Friday, March 17, 2017

Thursday, March 16, 2017

Sunday, March 12, 2017

Terry Gilliam caricature


So pleased to hear Terry Gilliam's having another crack at Don Quixote. The last time he tried, it was an absolute disaster (not his fault, it was God and a bunch of other people, but mainly God) and the only good thing to come from it was Lost in La Mancha which was absolutely brilliant if you're the sort of person that likes watching train wrecks in slow motion (don't we all). The best disaster film of all time.

Hope it goes much better for him this time and can't wait to see the results.

Friday, March 3, 2017

Ralph Steadman and Hunter S Thompson caricatures

Ralph Steadman is my favourite illustrator. 

Discovering him many years ago was a game changer. And I was introduced in the best possible way, by reading Fear and Loathing in Las Vegas. My mind was blown on two fronts, illustration and the written word. Two phrases from the book "Did you see what God just did to us?" and "bad craziness" (from one of Ralph's drawings) pretty much summed it up for me. Well bad craziness sounds like a dis and I don't meant it that way, it's just a good phrase that stuck.

Ralph is massively prolific and in no time I had a bunch of his books and wld spend hours being stunned and silenced by his incredible work. The looseness, the chaos and madness, colourful, organic, seemingly out of control except wonderfully, incredibly tied together with masterful strokesmanship. He clearly buys the Miles Davis line of "there are no mistakes", spilling, splashing, splattering ink and paint all over the place knowing the illustration god's wldn't let him down.
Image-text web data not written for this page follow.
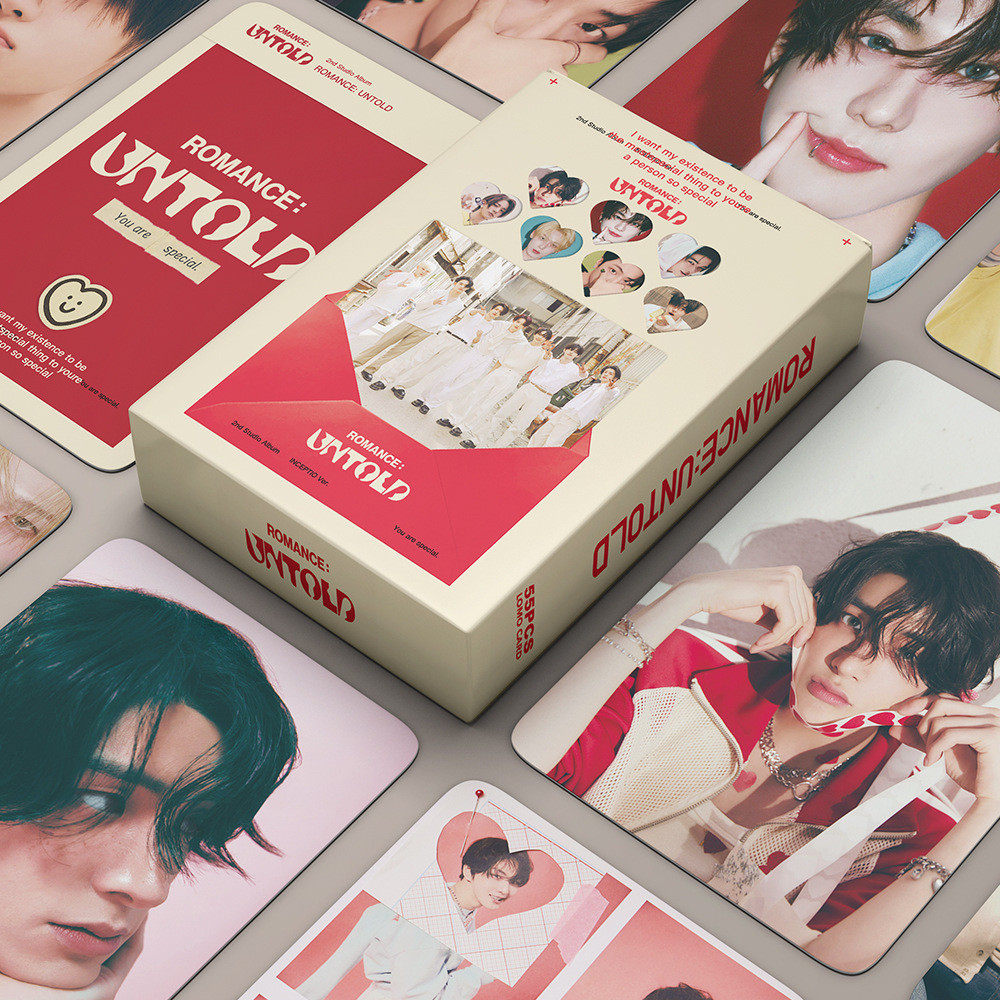 55 cartões fotográficos Hallyu Boys Group EN Photocard ROMANCE UNTOLD Álbum Park Sung Training Support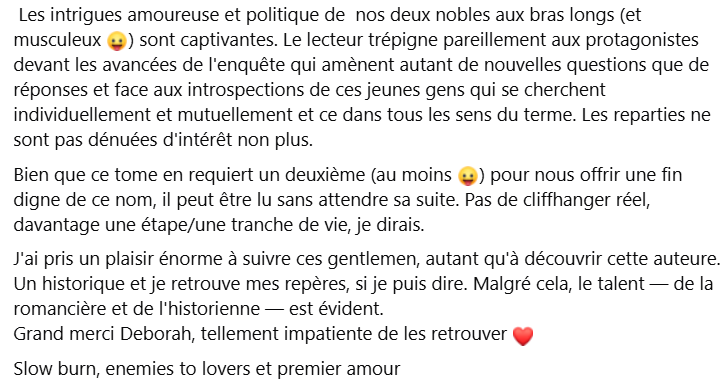 DeborahHernould's tweet photo. Un magnifique retour sur le tome 1 d Symphonie irlandaise ! Si cela peut vous donner envie de le découvrir... #roman #romanhistorique #MM #LGBTQIA #Angleterre #Irelande https://t.co/0Lfn2wKy7B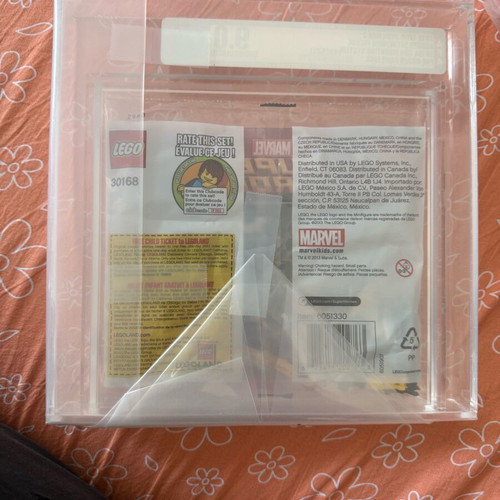 Lego Marvel Iron Man 3 collectible polybag new, AFA 9.0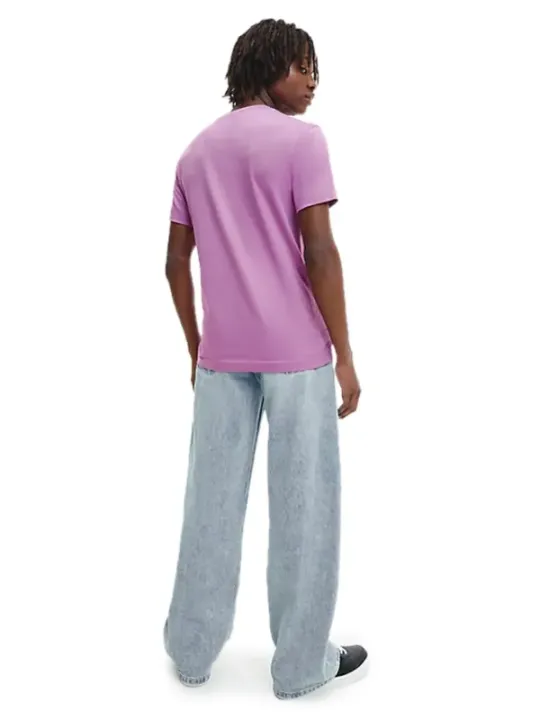 Calvin Klein Jeans Herren T-Shirt Violett | online kaufen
Then there's Hunter S. He's one of those writers where every now and then you have to put the book down, so what you've just read can settle in your brain. 

When I left my last job I was given a Ralph Steadman print of Hunter S Thompson. It was the best leaving present I cld ever get - two heros in one!

Ralph's book The Joke's Over, covering their friendship (?) and working relationship is a must for fans of either or both of their work.